Finanziert hat den Fischlift der Bund. Es ist eine Massnahme, mit der die negativen Folgen der Wasserkraft auf Natur und Tierwelt abgefedert werden sollen. Denn um die Biodiversität in den Gewässern ist es schlecht bestellt. Bis 2030 müssen schweizweit 1000 Hindernisse beseitigt werden. Das sieht das Gesetz vor.

Sanierungen hinken hinterher

Doch mit der Umsetzung haperts gewaltig. Der Fischlift in Mühleberg ist eines von wenigen Projekten, die bisher erledigt worden sind. Von den rund 1000 Projekten waren Ende 2022 gerade mal 111 oder rund 10 Prozent in Arbeit oder bereits fertig. Das zeigt ein neuer Bericht des Bundesamtes für Umwelt (Bafu). Wie die Zeitungen von «CH Media» berichteten, soll der Bericht schon Monate vor der Abstimmung über die Biodiversitäts-Initiative vorgelegen haben. Doch veröffentlicht wurde er erst am 25. September – drei Tage nach der Abstimmung.

SP-Nationalrätin Martina Munz (68) ärgert sich, dass die Sanierungen nicht schneller durchgeführt werden. Sie hat die Kraftwerksbetreiber im Verdacht: «Durch die Restwassersanierungen produziert das Wasserkraftwerk allenfalls weniger Strom, dadurch verdienen die Betreiber weniger Geld.»
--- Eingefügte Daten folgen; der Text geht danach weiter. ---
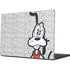 Disney Friends Pluto Confused Apple MacBook Pro 14-inch Skin
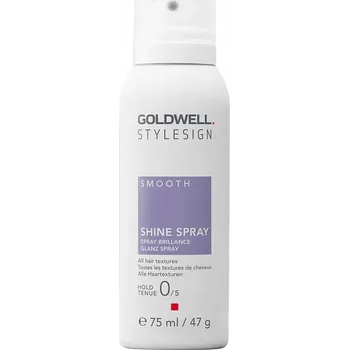 Stylingový přípravek Goldwell Stylesign Lak na vlasy 75 Ml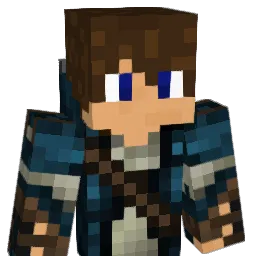 Captain_Moe Minecraft avatar bust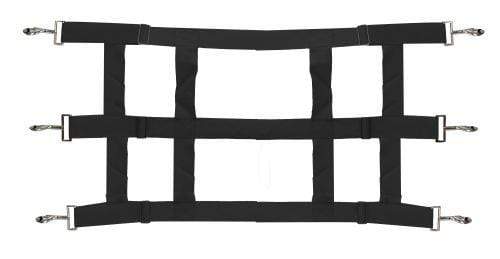 Showman Showman Durable Nylon Stall Guard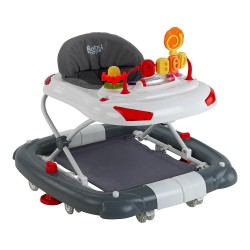 BABYHOPE 219 TOBBY SALLA YÜRÜTEÇ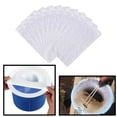 thumbnail image 1 of RO Calcetines skimmer piscina, filtro cesta skimmer, filtro skimmer piscina, red filtro piscina, salva filtro, cestas y skimmer, cesta skimmer para piscina 5 piezas Electrónica, 1 of 4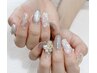 【新規】10本長さだし＋artコース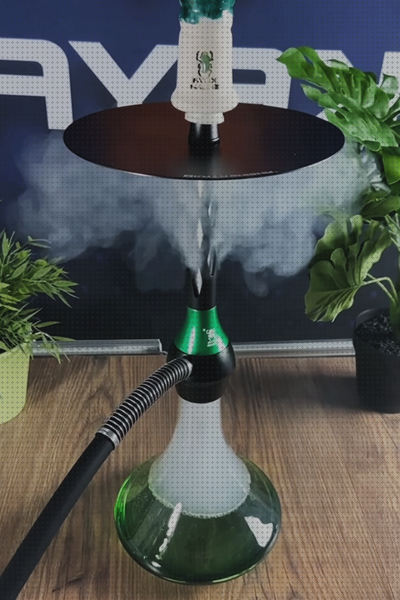 Las mejores marcas de fumar cachimbas online cachimba shihas fumar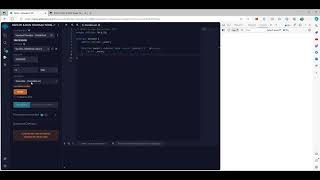 Remix IDE v0.37 bug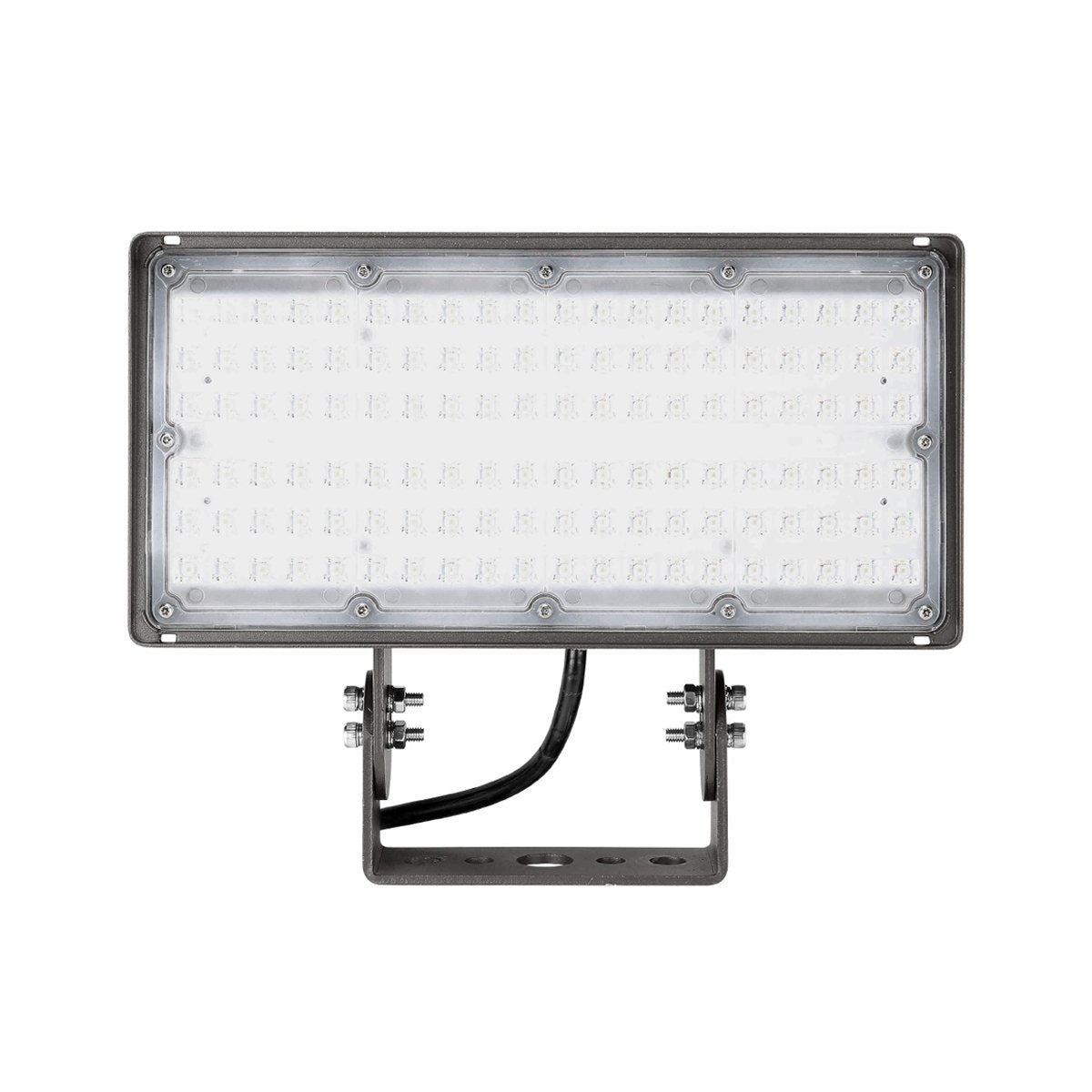 Falkor Industry MFD08 SERIES - LED Flood Light - MFD08 100W DIM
Doch auch von bürgerlicher Seite gibt es Kritik. SVP-Nationalrat Lukas Reimann (42) ist enttäuscht. «Die ökologische Sanierung der Wasserkraftwerke war Teil des Gegenvorschlags zu einer Volksinitiative. Wenn der Bund die Volksrechte ernst nimmt, muss er auch die Sanierung ernst nehmen.»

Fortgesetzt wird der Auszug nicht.